> [WORK INSTRUCTIONS]: Begin at the line below that has "Herrenweste strickjacke 50". Stop after the line that has "Happy Bar & Grill official logo", repeating each line exactly and leaving out the pictures.

> [MATERIAL PROVIDED]:
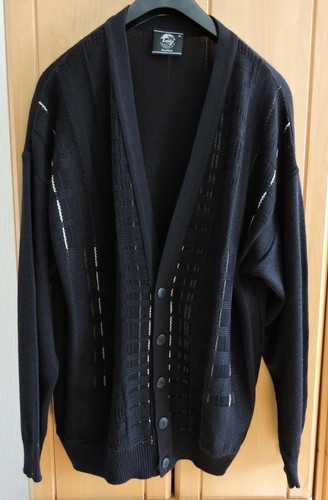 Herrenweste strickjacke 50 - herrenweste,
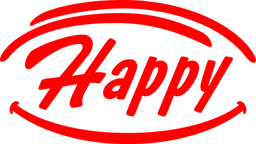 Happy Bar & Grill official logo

...

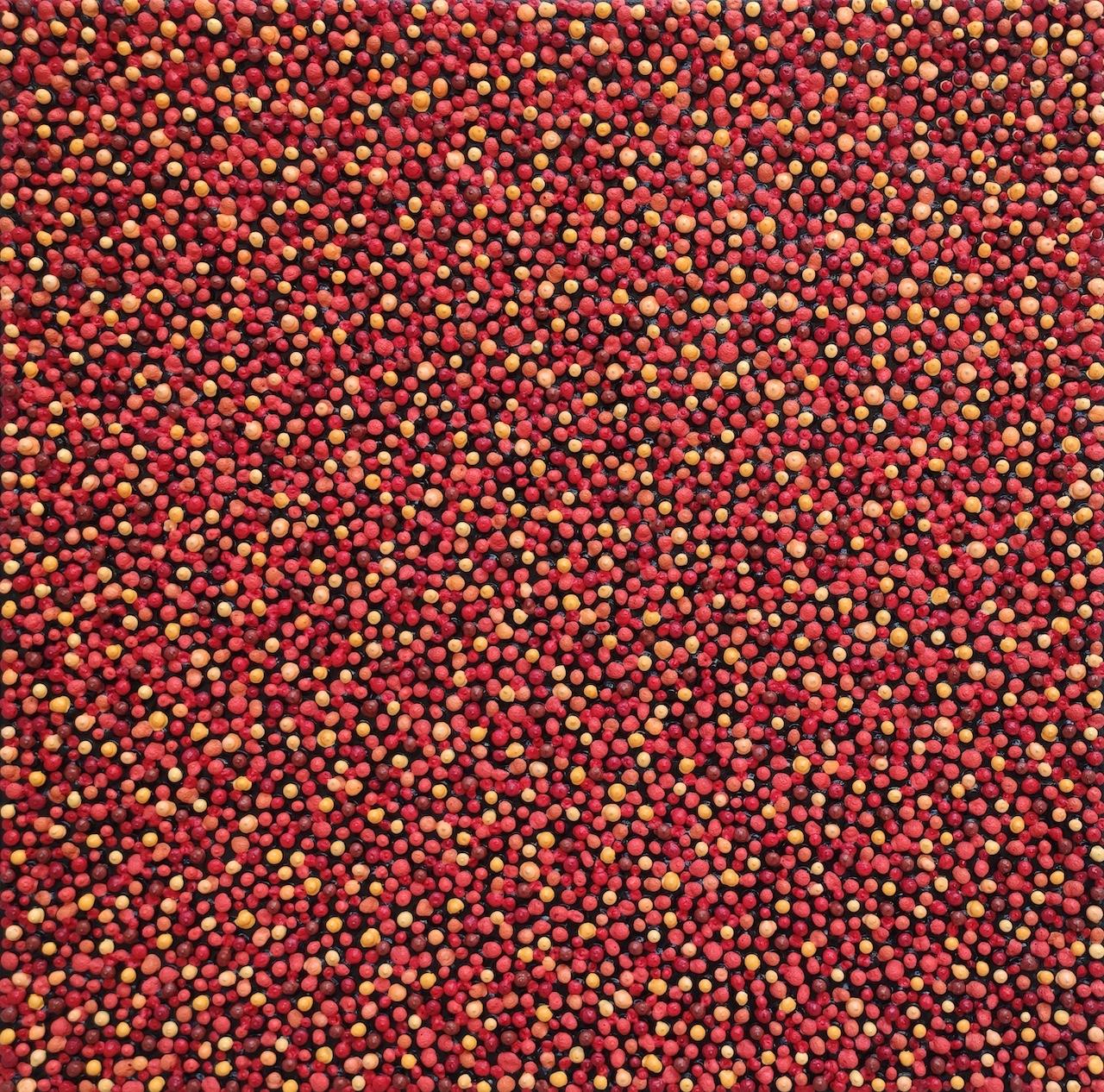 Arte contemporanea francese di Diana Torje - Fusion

* * *

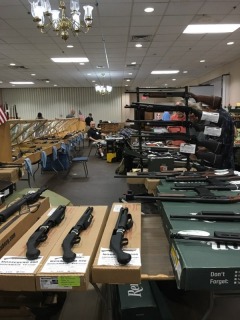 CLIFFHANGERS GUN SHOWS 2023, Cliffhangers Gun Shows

> [WRITTEN SOLUTION]:
 Herrenweste strickjacke 50 - herrenweste,
 Happy Bar & Grill official logo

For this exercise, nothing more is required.